- Exercise brief -
Please restate word for word the lines of the entries below from the one with "uma piscina em" to the one with "Branch A – Aspen", inclusive, and leave out every picture.

- Data to process -
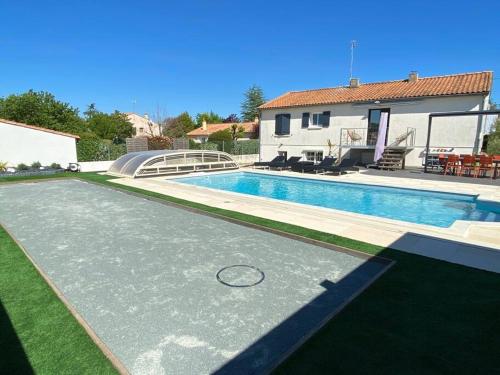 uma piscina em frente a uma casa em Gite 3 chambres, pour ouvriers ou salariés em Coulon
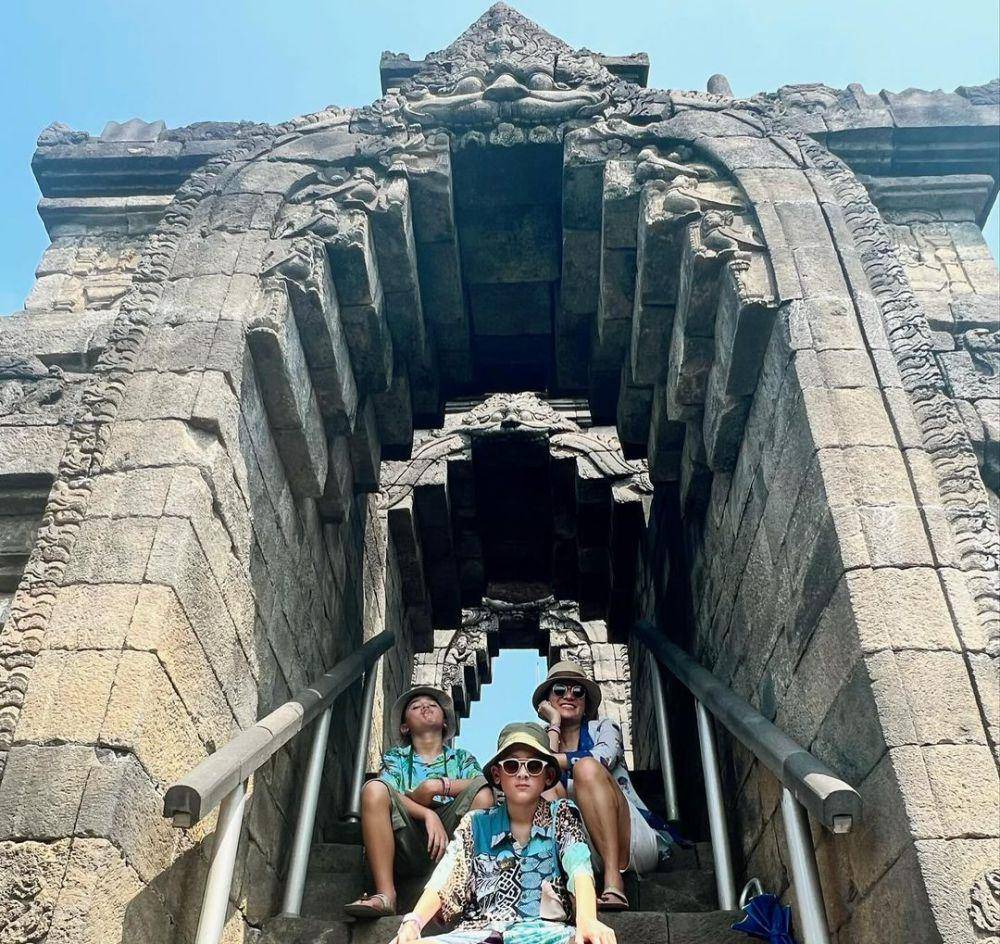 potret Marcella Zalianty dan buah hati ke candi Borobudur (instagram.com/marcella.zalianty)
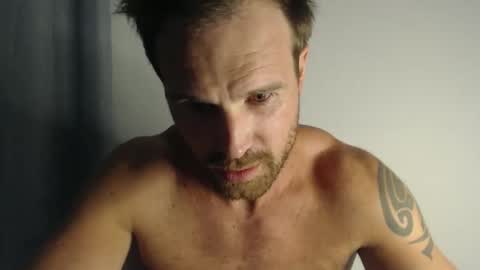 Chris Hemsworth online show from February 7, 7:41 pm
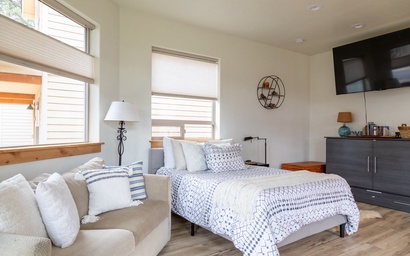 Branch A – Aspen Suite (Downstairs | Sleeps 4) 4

==

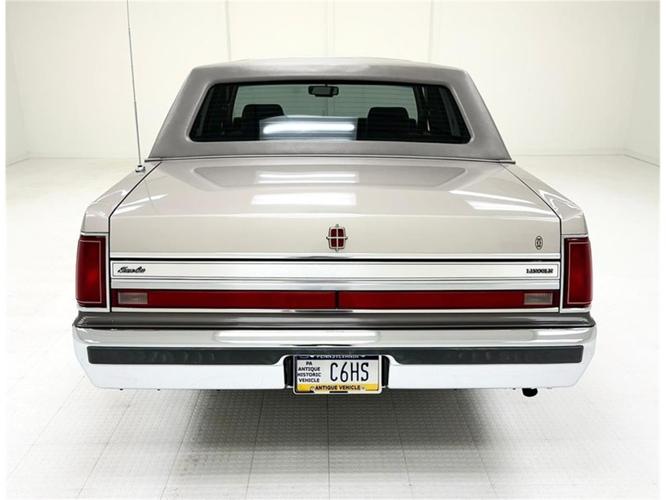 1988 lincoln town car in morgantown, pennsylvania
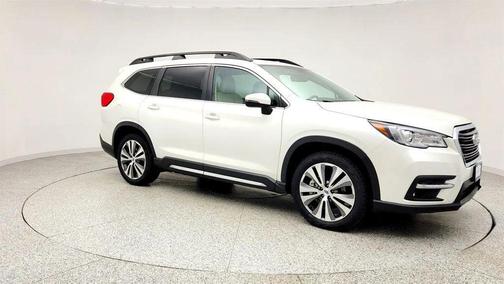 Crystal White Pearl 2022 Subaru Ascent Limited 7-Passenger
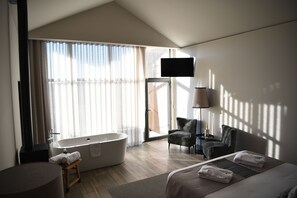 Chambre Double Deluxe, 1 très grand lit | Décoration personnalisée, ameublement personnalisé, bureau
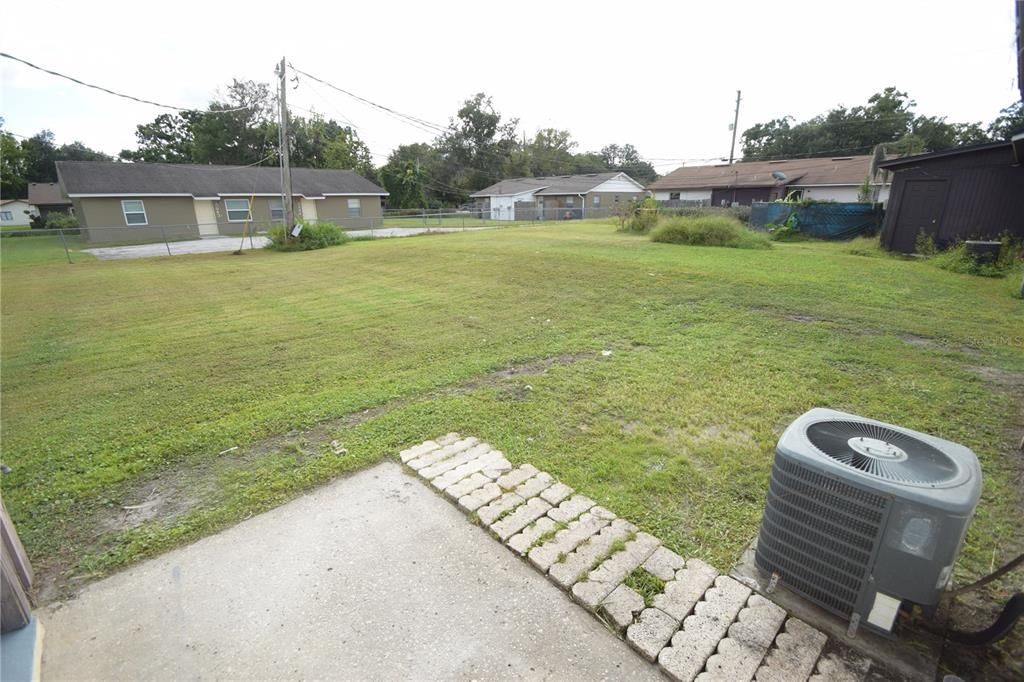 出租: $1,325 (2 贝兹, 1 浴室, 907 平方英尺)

- Reply to the task -
 uma piscina em frente a uma casa em Gite 3 chambres, pour ouvriers ou salariés em Coulon
 potret Marcella Zalianty dan buah hati ke candi Borobudur (instagram.com/marcella.zalianty)
 Chris Hemsworth online show from February 7, 7:41 pm
 Branch A – Aspen Suite (Downstairs | Sleeps 4) 4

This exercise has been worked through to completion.